Mais au fait, ne pas tenir compte des plex des quartiers centraux, est-ce vraiment important ? Il faut admettre qu’il est inutile de faire un recensement exhaustif pour se faire une idée juste de l’évolution du marché locatif : un échantillon est suffisant, à condition qu’il soit représentatif de l’ensemble. Ensuite, on peut constater que les plex et les autres immeubles où on offre du logement locatif ne constituent pas des marchés parfaitement étanches l’un à l’autre : dans une certaine mesure, ce sont des vases communicants, un locataire évincé d’un logement dans un plex pouvant très bien se reloger dans un walk-up. De la même façon, la propriété et la location ne sont pas non plus sur planètes distantes : il y a des passerelles et l’accession à la propriété demeure (ou pas) une porte de sortie pour un ménage qui se retrouverait coincé sur un marché locatif exigu, de son point de vue ‒ peu importe le mode de tenure, faut se loger. Pour se soustraire à des pratiques discriminatoires, il est clair que certains ménages feront tous les sacrifices du monde pour s’acheter un toit si modeste soit-il. Et certains demeureront coincés sans avoir les moyens d’acheter quoi que ce soit de convenable.

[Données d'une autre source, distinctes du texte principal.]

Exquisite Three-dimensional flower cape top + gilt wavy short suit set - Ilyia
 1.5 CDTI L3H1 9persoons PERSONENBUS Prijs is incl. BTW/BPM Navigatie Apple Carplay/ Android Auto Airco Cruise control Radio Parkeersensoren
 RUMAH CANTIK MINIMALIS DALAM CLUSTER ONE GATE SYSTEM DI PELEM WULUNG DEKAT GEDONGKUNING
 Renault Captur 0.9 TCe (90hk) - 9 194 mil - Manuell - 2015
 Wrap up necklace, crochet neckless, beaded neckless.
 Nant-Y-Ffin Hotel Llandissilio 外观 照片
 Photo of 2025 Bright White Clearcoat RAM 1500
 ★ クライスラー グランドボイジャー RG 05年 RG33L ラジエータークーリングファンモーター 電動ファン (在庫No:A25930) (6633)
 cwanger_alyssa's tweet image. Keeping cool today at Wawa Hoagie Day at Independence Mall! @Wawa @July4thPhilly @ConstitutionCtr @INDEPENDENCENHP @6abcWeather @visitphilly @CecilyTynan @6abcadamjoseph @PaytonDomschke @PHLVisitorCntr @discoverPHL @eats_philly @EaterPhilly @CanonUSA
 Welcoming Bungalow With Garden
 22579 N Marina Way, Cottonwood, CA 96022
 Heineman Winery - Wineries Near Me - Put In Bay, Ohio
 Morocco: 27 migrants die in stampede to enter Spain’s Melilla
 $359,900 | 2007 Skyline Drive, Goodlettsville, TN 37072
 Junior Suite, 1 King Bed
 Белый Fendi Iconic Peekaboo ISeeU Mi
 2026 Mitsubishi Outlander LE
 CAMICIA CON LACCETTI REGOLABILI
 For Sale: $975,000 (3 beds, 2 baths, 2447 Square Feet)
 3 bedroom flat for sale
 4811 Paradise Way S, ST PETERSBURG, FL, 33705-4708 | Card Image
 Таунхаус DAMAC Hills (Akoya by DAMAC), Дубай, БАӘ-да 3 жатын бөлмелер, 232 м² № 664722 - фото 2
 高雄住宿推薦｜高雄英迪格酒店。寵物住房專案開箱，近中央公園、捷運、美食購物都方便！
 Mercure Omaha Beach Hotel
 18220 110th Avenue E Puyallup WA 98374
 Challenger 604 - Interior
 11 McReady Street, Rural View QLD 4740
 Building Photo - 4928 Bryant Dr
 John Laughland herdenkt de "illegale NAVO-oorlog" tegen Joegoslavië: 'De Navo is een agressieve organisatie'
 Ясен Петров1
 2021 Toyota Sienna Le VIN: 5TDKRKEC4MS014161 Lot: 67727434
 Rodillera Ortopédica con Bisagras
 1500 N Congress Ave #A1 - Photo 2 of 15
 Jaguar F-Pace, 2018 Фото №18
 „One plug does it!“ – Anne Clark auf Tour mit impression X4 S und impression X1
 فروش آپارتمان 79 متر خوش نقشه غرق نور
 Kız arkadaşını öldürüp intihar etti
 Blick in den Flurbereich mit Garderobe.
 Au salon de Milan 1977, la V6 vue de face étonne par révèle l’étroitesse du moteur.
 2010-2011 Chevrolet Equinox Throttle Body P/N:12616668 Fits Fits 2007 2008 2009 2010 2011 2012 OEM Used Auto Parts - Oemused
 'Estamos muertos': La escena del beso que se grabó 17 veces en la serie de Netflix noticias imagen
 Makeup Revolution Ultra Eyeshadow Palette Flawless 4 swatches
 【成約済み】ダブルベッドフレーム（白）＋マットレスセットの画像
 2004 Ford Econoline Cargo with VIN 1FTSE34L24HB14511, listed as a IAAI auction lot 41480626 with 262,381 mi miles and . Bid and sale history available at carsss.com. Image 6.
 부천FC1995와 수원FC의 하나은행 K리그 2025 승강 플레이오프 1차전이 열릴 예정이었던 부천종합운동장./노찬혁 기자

Accession à la propriété ou location, le marché du logement n’est pas vraiment un marché homogène. Et sur le marché locatif, plex ou conciergeries constituent eux-aussi deux sous-marchés très distincts : quiconque a vécu dans un plex peut attester que c’est « autre chose ». Sans compter que la proportion de logements relativement grands est sans doute plus importante dans les plex que dans les blocs où on trouve tant et tellement de studios. Si ce n’est pas un marché homogène, unique, un échantillon sur les conciergeries ne pourra pas prétendre être représentatif de l’ensemble ; il faudrait autant d’échantillons qu’il y a de sous-marchés distincts. D’ailleurs, dans les faits, avec la pandémie de 2020-2021, on constate que l’image des vases communicants a objectivement atteint ses limites : le desserrement du marché locatif étudiant du McGill ghetto se produit vraiment et le taux d’inoccupation augmente nettement, même en le calculant à l’échelle de l’île de Montréal ; en même temps, on voit bien que le marché des plex ne se détend pas, au contraire, même que cela ne paraît pas dans le calcul du taux, simplement parce qu’on ne tient pas compte des plex, tout bêtement, très bêtement.
Il devient clair que l’image donnée par la SCHL ne correspond qu’à une partie de la réalité.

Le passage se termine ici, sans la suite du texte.